Politics
INEC upturns NASS on electoral act, admits capacity for electronic transmission of election results
The Independent National Electoral Commission (INEC) may have exposed the distortions of the All Progressives Congress (APC) lawmakers in Nigeria’s National Assembly on the amendment of the Electoral Act last Thursday. The commission on Saturday reiterated that it has the capacity to transmit election results electronically across the country even from remote areas.
APC senators and House of Representatives members had last week voted against section 52(2) of the electoral amendment act which specifies electronic transmission of result; the APC lawmakers rather inserted a clause that makes it a discretionary power of the INEC to decide at any time.
The lawmakers had opposed outright electronic transmission of results on a beguile argument that there is no network coverage in several parts of the country.
One of the Executive Commissioner at the Nigerian Communications Commission, Adeleke Adewolu, had on Friday attested before the members of the House of Representatives last Friday that the 3G telecommunications coverage required for transmission is available only in 50 per cent parts of the country.
The National Chairman and Commissioner for Information and Voter Education in INEC, Festus Okoye, in a media interaction on Saturday disputed all claims and false arguments on the lack of capacity for electronic transmission of election results across the country. Okoye maintained that the commissioned had transmitted election results electronically from remote areas in pat elections.

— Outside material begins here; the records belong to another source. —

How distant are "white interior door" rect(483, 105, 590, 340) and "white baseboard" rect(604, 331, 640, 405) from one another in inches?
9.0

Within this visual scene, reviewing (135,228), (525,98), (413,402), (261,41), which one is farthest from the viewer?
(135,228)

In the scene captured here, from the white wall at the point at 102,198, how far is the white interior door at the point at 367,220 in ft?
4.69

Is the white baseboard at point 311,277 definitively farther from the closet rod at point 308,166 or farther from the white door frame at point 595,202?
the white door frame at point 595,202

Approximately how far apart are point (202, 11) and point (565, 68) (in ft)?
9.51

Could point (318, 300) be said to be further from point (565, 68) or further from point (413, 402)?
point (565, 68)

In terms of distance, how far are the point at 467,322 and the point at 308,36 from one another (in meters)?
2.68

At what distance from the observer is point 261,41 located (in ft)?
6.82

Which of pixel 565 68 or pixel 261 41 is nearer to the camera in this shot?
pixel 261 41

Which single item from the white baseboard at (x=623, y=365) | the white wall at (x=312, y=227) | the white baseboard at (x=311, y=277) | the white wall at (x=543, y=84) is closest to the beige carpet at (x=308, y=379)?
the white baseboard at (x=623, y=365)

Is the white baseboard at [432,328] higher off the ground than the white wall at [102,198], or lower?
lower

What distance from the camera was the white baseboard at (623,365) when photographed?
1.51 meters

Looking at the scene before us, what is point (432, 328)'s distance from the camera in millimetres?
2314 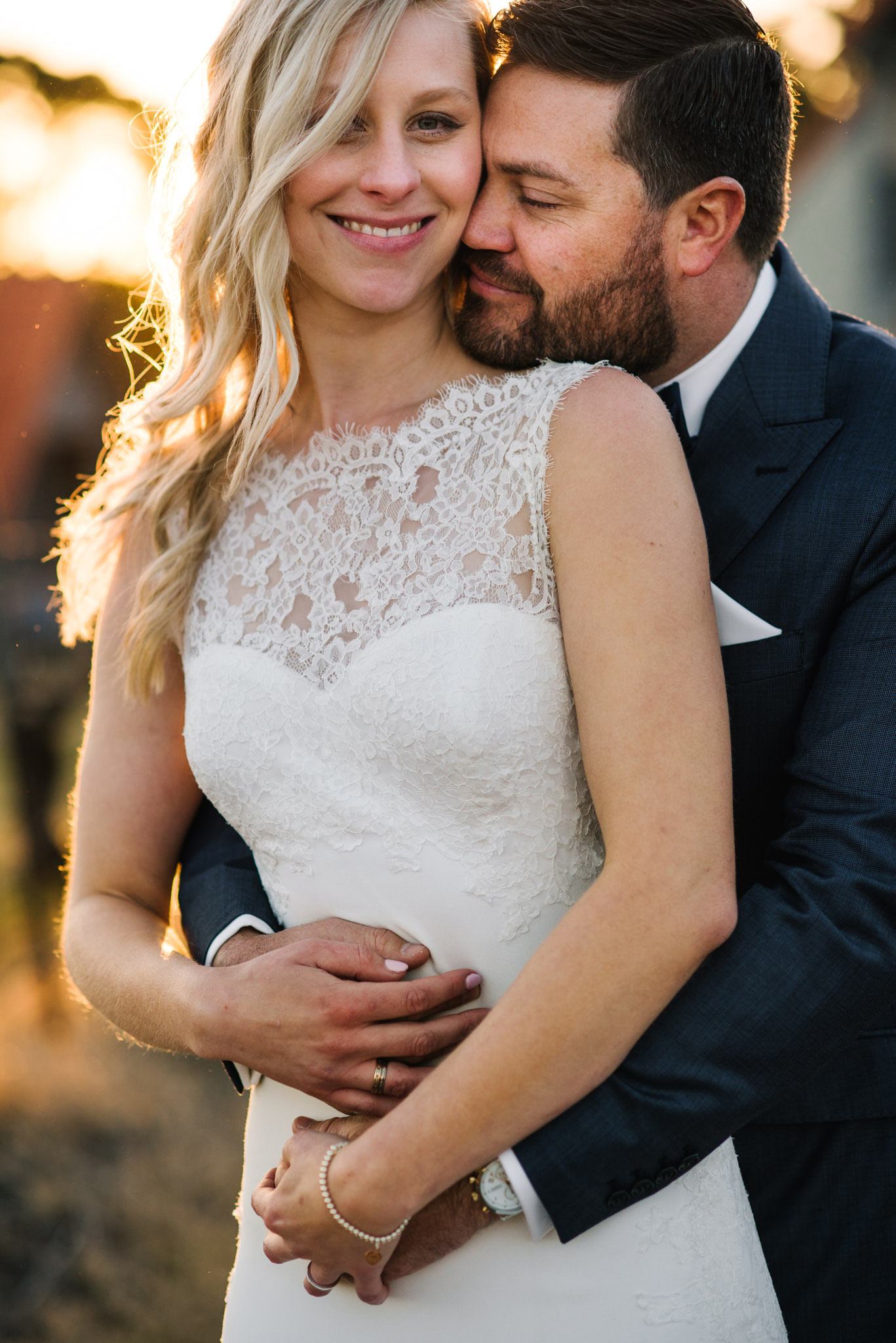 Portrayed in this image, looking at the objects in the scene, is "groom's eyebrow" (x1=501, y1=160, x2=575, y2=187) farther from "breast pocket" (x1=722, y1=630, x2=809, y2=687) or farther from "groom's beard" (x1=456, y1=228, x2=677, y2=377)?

He insisted that INEC has the capacity to adopt technology in transmitting election results across the country.
Okoye had declared: “We have uploaded results from very remote areas, even from areas where you have to use human carriers to access.
“So, we have made our own position very clear, that we have the capacity, and we have the will to deepen the use of technology in the electoral process.
“But our powers are given by the constitution and the law, and we will continue to remain within the ambit and confines of the power granted to the commission by the constitution and the law.”